DATASET CONTENT –
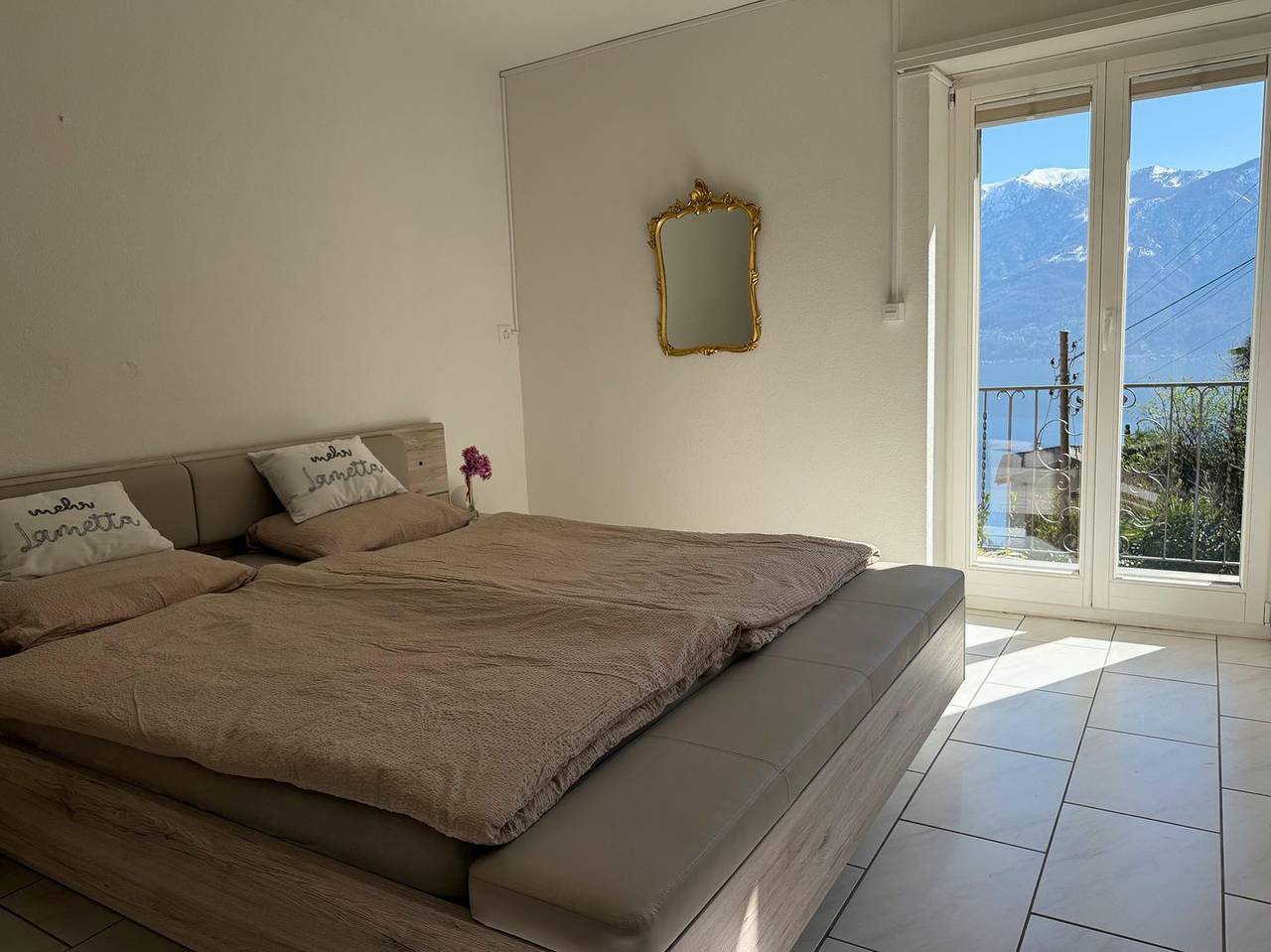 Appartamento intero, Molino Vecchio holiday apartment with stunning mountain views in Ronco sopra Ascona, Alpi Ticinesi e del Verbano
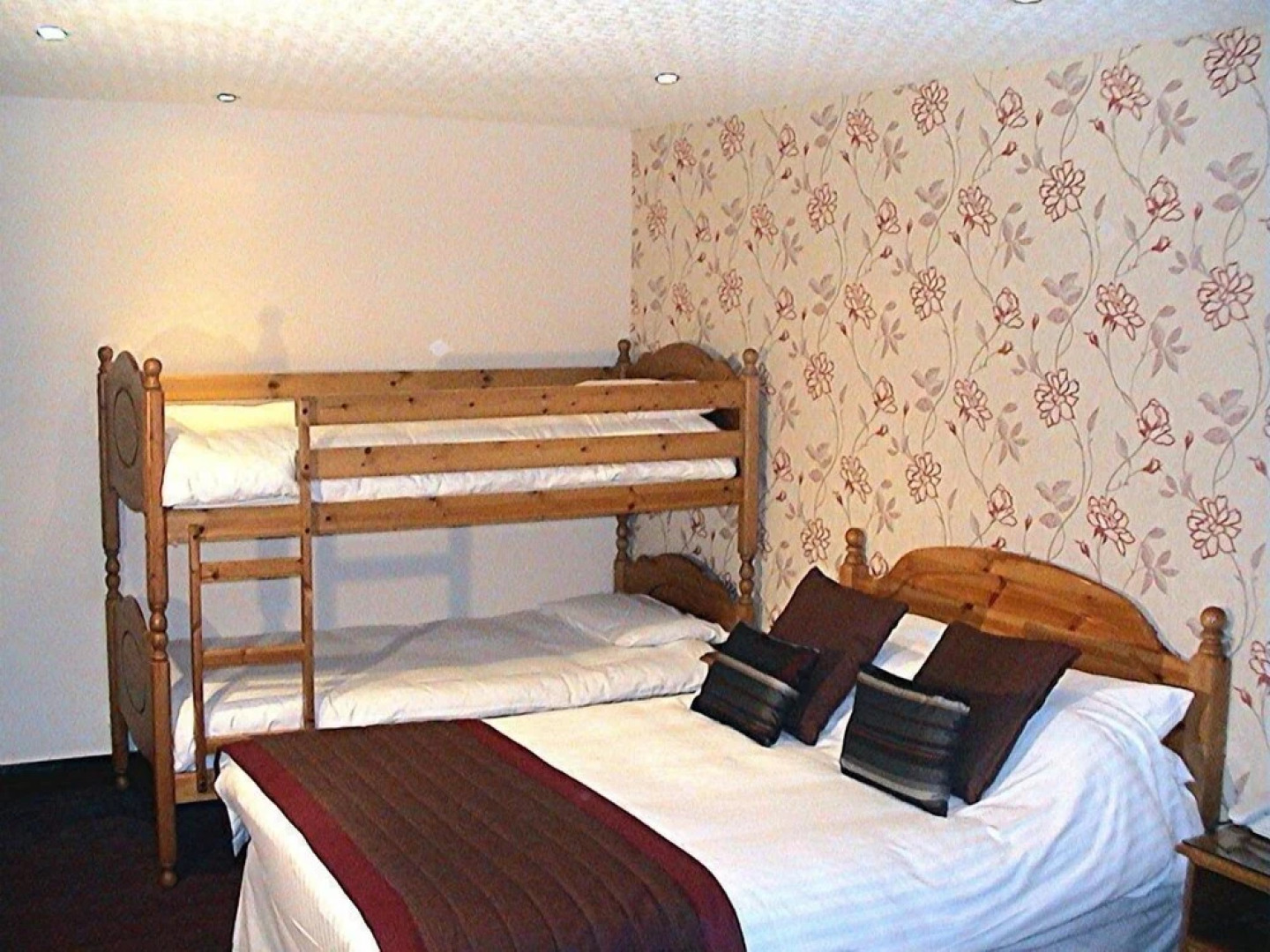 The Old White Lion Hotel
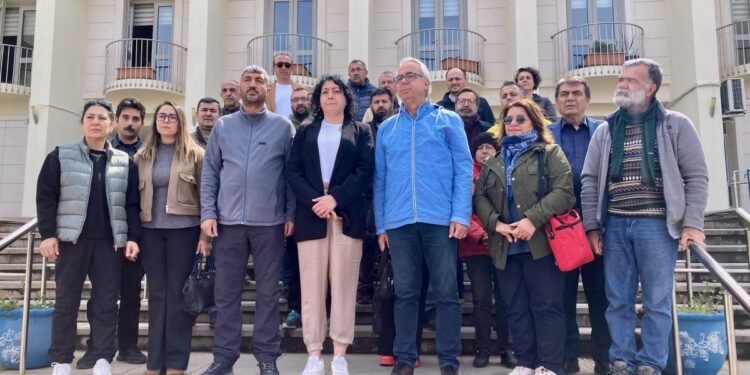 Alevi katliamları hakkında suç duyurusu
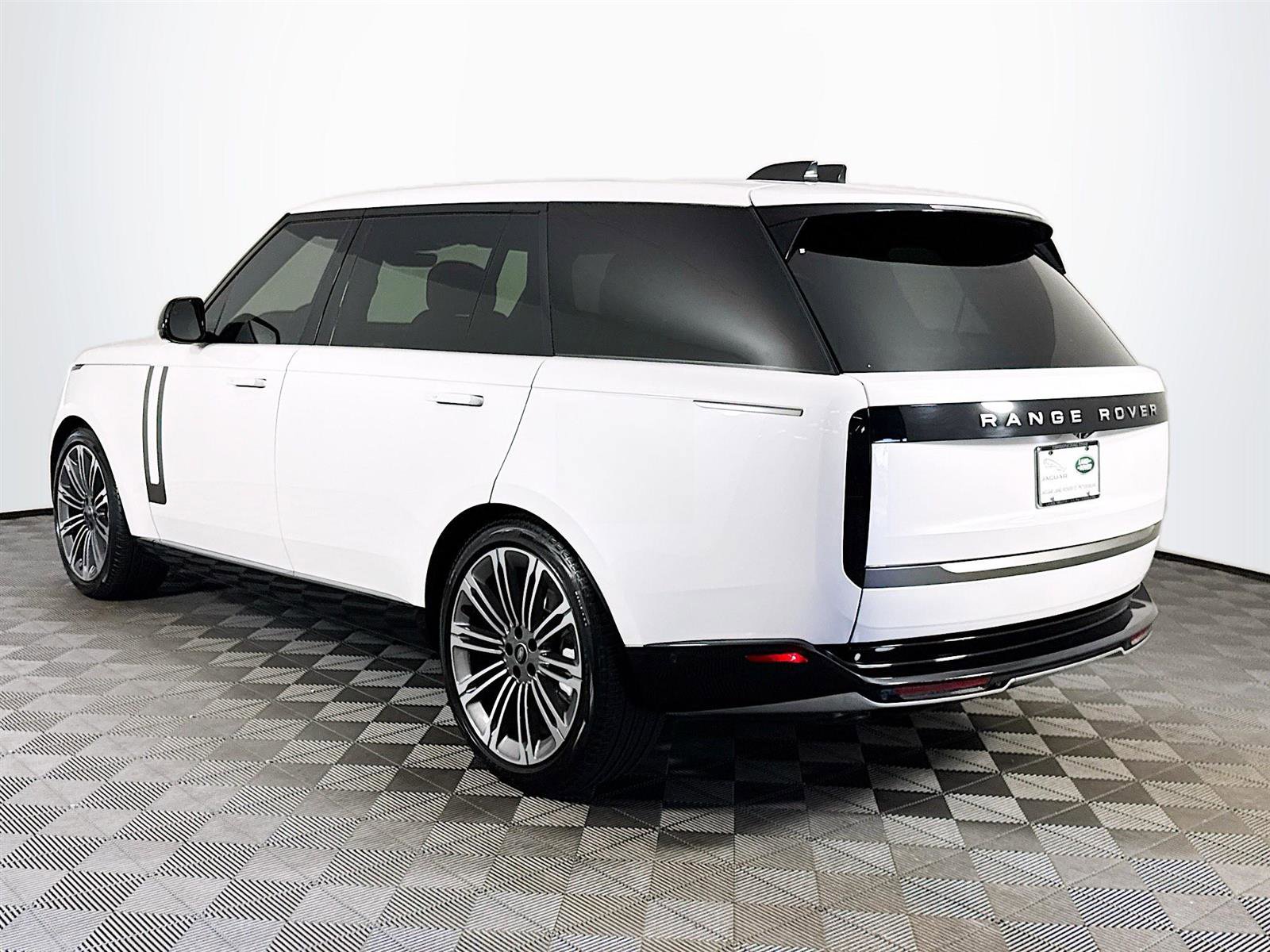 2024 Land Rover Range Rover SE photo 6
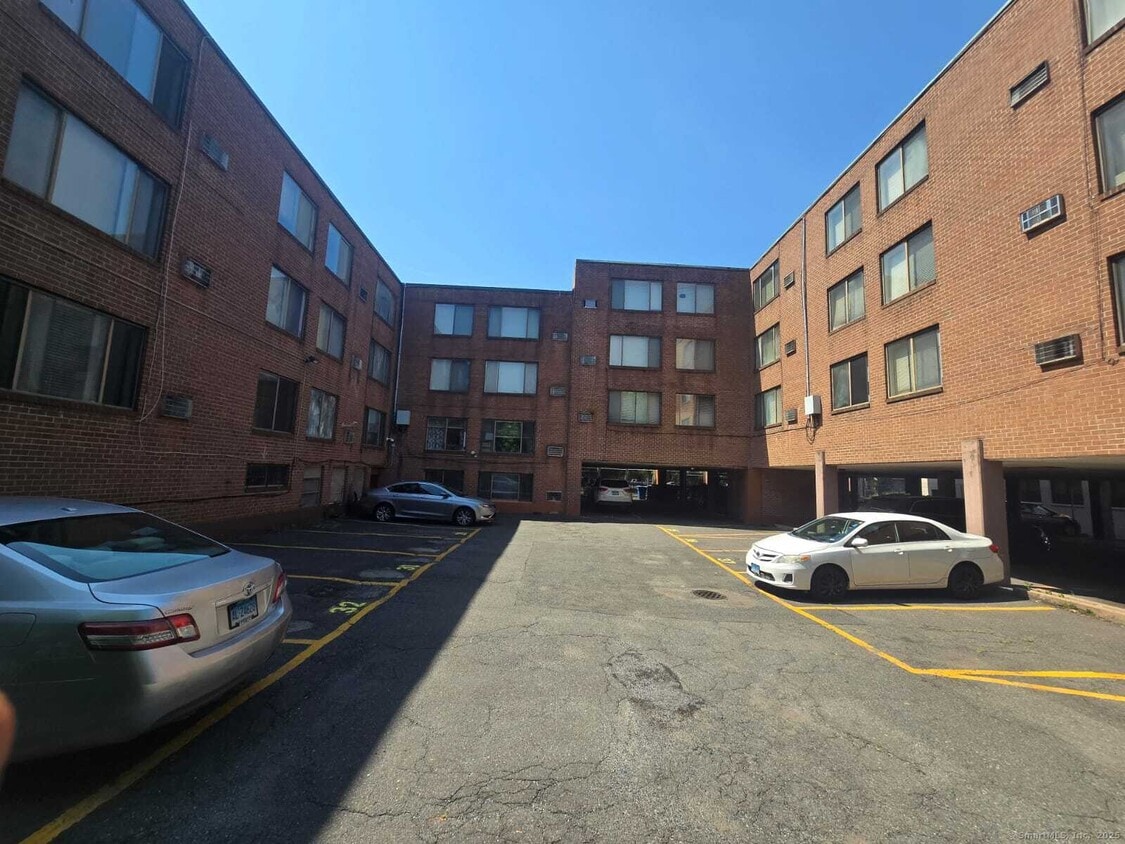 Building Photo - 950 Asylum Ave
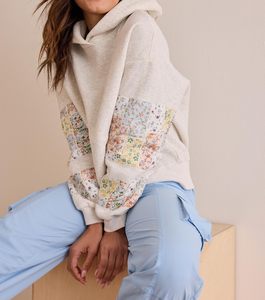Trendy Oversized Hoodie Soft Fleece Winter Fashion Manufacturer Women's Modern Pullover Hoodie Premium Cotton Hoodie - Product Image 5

TASK ITEM – Transcribe every entry word for word, excluding images.

EXERCISE RESPONSE –
 Appartamento intero, Molino Vecchio holiday apartment with stunning mountain views in Ronco sopra Ascona, Alpi Ticinesi e del Verbano
 The Old White Lion Hotel
 Alevi katliamları hakkında suç duyurusu
 2024 Land Rover Range Rover SE photo 6
 Building Photo - 950 Asylum Ave
Trendy Oversized Hoodie Soft Fleece Winter Fashion Manufacturer Women's Modern Pullover Hoodie Premium Cotton Hoodie - Product Image 5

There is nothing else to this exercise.